=== What the task asks ===
Nothing outside the range is wanted. Repeat exactly the lines below from the one with "попал на видео" through the one with "جاماندگان اربعین به".

=== The input ===
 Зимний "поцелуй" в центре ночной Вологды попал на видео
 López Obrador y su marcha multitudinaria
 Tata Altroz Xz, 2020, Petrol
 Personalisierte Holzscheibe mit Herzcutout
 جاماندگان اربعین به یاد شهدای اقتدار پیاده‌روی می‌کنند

---

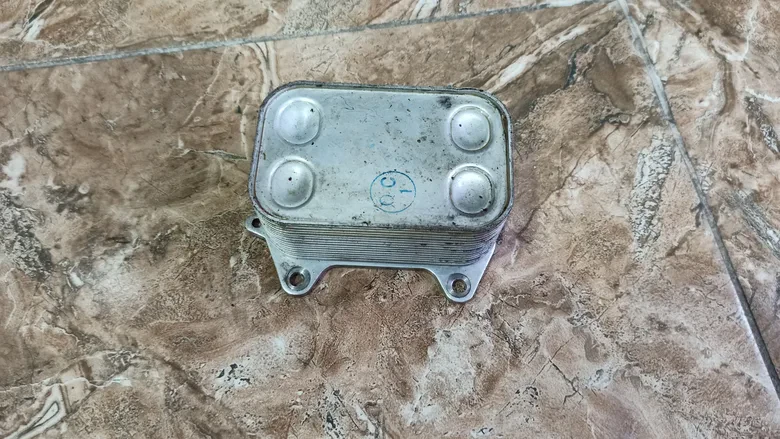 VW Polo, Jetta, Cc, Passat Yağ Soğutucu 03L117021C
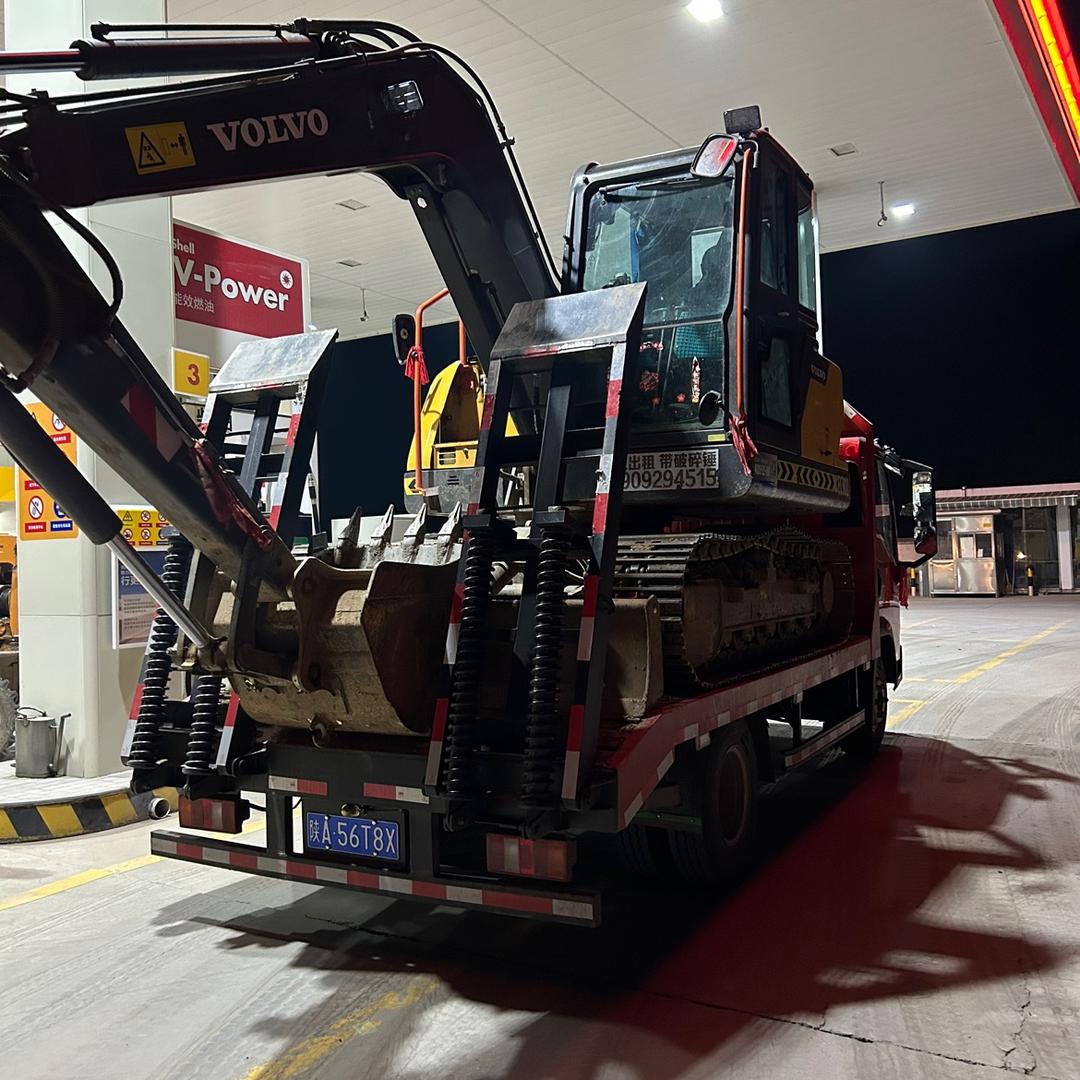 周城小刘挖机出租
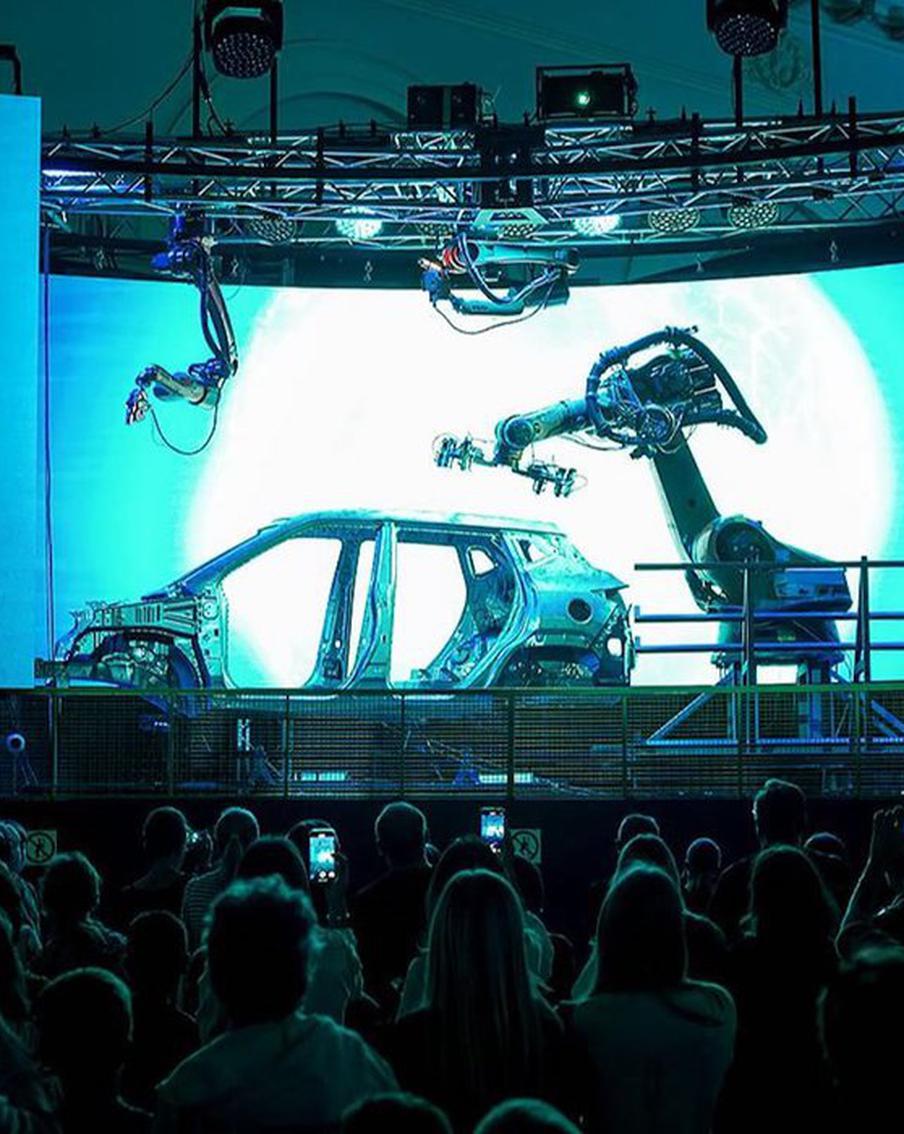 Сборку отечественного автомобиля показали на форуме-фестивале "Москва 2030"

=== Result of this task ===
 Зимний "поцелуй" в центре ночной Вологды попал на видео
 López Obrador y su marcha multitudinaria
 Tata Altroz Xz, 2020, Petrol
 Personalisierte Holzscheibe mit Herzcutout
 جاماندگان اربعین به یاد شهدای اقتدار پیاده‌روی می‌کنند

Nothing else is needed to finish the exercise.